During a discussion about how to handle the growing controversy about professional football players taking a knee during the playing of the national anthem before games, Houston Texan's owner Bob McNair commented that "we can't have the inmates running the prison," fanning the already high flames still further.
McNair's comment was not well received. Another NFL executive and former player, Troy Vincent, fired back against McNair and Dallas Cowboys owner Jerry Jones.
Vincent said that in all his years of playing in the NFL, although he had been called every name in the book — including racial slurs — he never felt like an "inmate," according to an ESPN The Magazine article about the meeting.
McNair, who was a multimillion-dollar supporter of Donald Trump's successful presidential campaign according to The Daily Beast, unsurprisingly sided with the US president, joining a growing chorus of hardline NFL leaders who see the protest movement, and the attention it has drawn to the league, as a problem to be overcome with vinegar instead of honey.

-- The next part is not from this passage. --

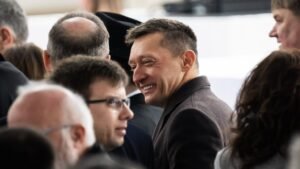 Rogán az Origóra 550, a Magyar Nemzetre 360 milliónyi állami hirdetési pénzt szórt fél év alatt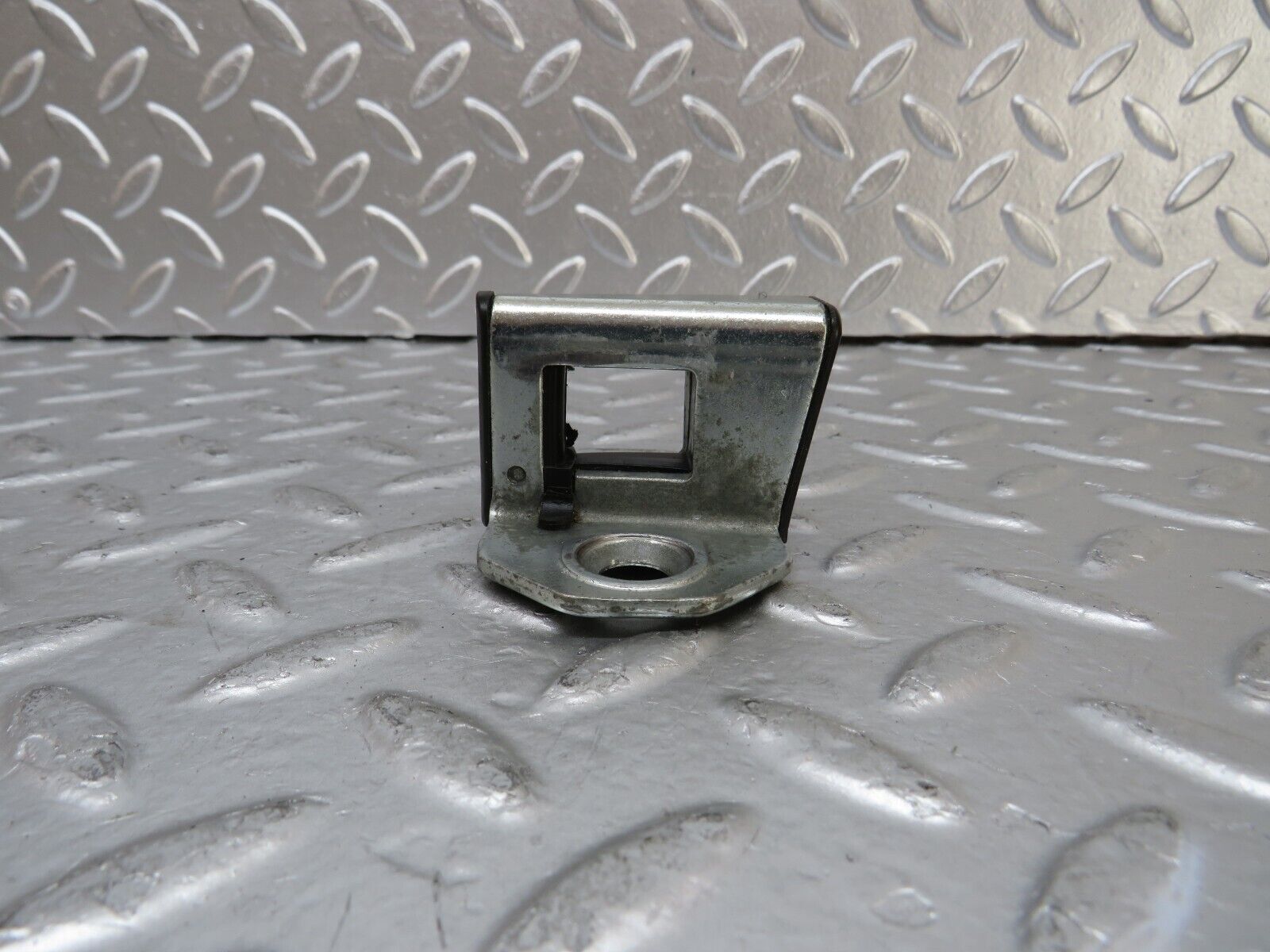 25032 Mercedes-Benz W140 S320 Door Lock Latch Left Side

Despite his strong opposition, McNair extended the olive branch at least to Vincent, saying that he felt horrible and that his words weren't meant to be taken literally, which Vincent appreciated, according to ESPN.

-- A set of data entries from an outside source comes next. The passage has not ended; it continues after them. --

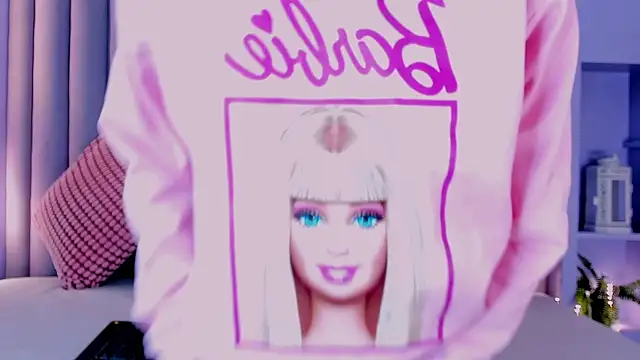 StefanyWilliams  online show from October 29, 2025, 3:05 am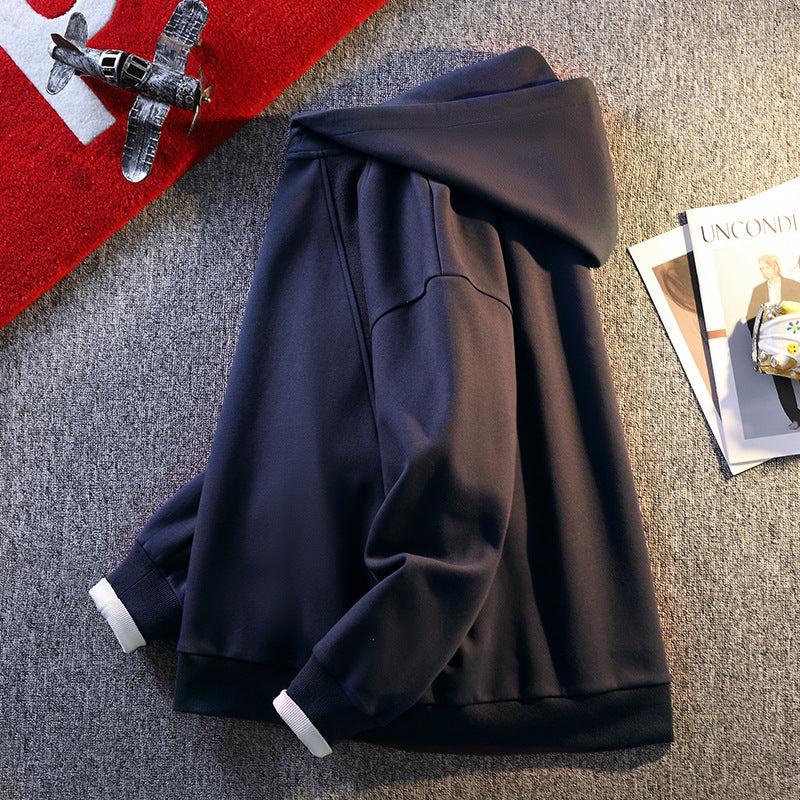 Urban hoodie for women with an innovative cut and breathable material Lune London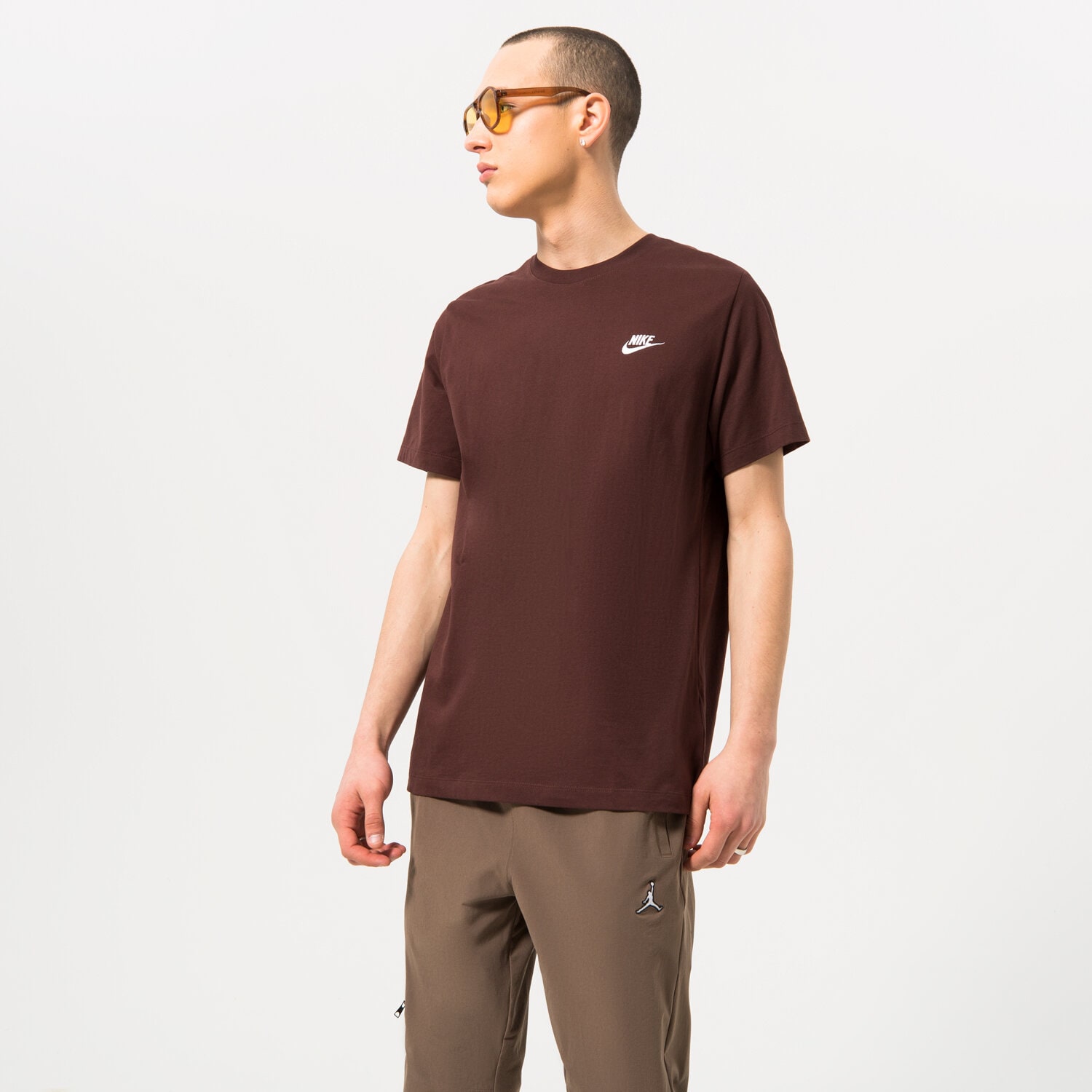 Herren T-Shirt NIKE T-SHIRT SPORTSWEAR CLUB AR4997-227 Braun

Friday morning, the Texans released a more complete statement by McNair: "I regret that I used that expression. I never meant to offend anyone and I was not referring to our players, I used a figure of speech that was never intended to be taken literally. I would never characterize our players or our league that way and I apologize to anyone who was offended by it."

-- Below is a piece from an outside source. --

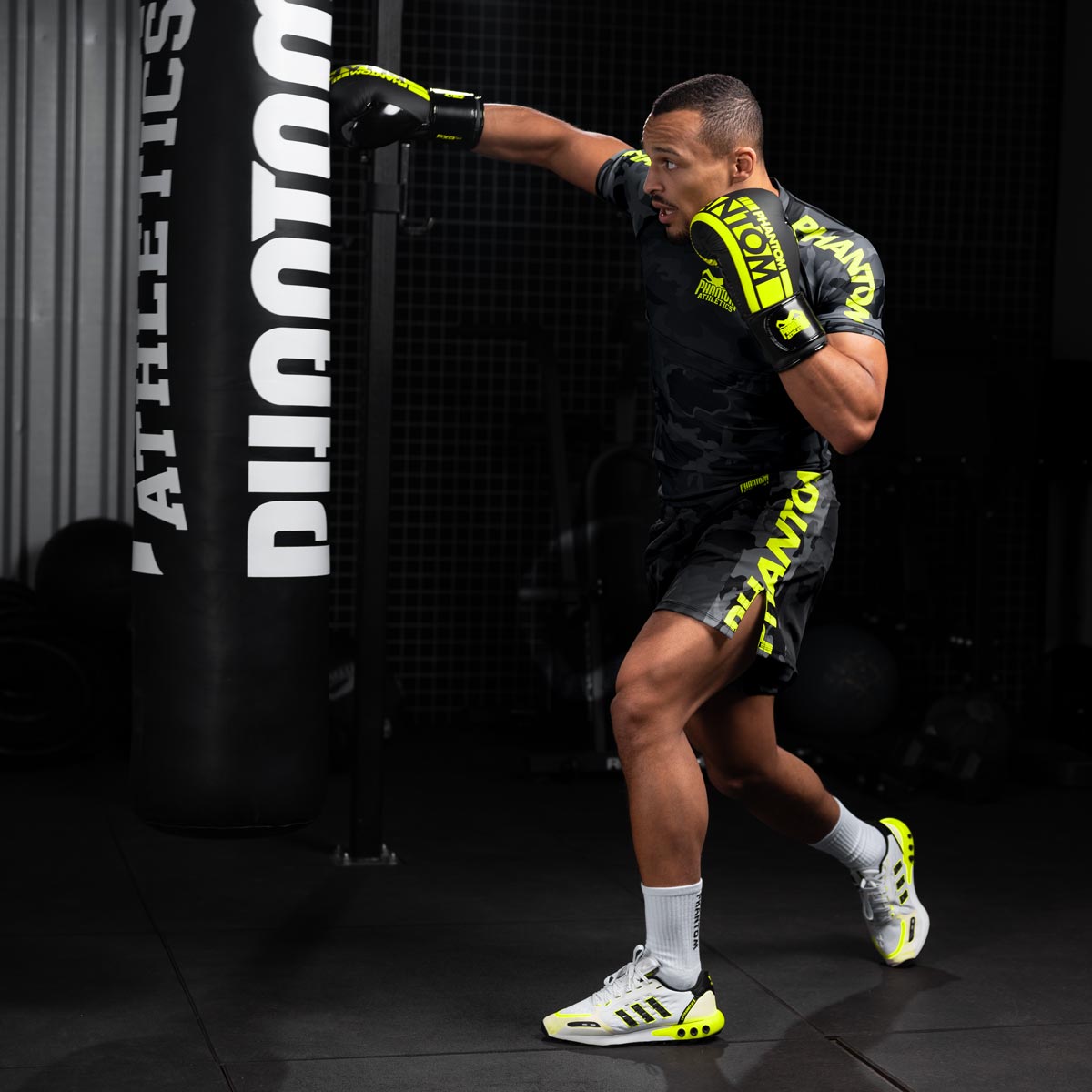 Phantom Athletics MMA Shorts EVO Neon - Schwarz Camo/Neon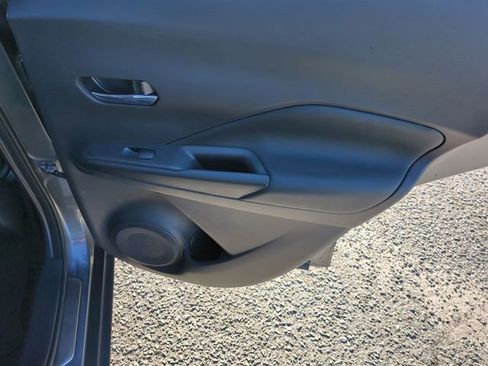 Used 2020 Nissan Kicks SR w/ SR Premium Package image 28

The tone-deafness shown by McNair in calling NFL players "inmates" in a "prison" only emphasizes the motivation behind the players' protests. According to the Bureau of Justice Statistics, black Americans face a rate of incarceration nearly four times that of hispanic Americans and five times that of white Americans. In other words, McNair's comment about his players standing up for equality evokes exactly the inequality against which they are fighting. To the white McNair, the comparison was likely a simple turn of phrase, the details of which he scarcely gave a second thought, but it shows the deep disconnect between the NFL's leadership, its players, and their motivations, which does not bode well for reaching a mutual understanding about the protests.
‘So Much Had Been Discussed and so Little Had Been Decided'
The confidential meeting where McNair's comments were made followed a much-heralded meeting between owners, executives and players the day before, where such listening and negotiation was expected to settle at least some of the outstanding issues surrounding the protests. As ESPN noted, the owners' goal for the meeting was to ‘stop Trump from attacking our business. Find a way to persuade players to stop kneeling. Get the focus back to football."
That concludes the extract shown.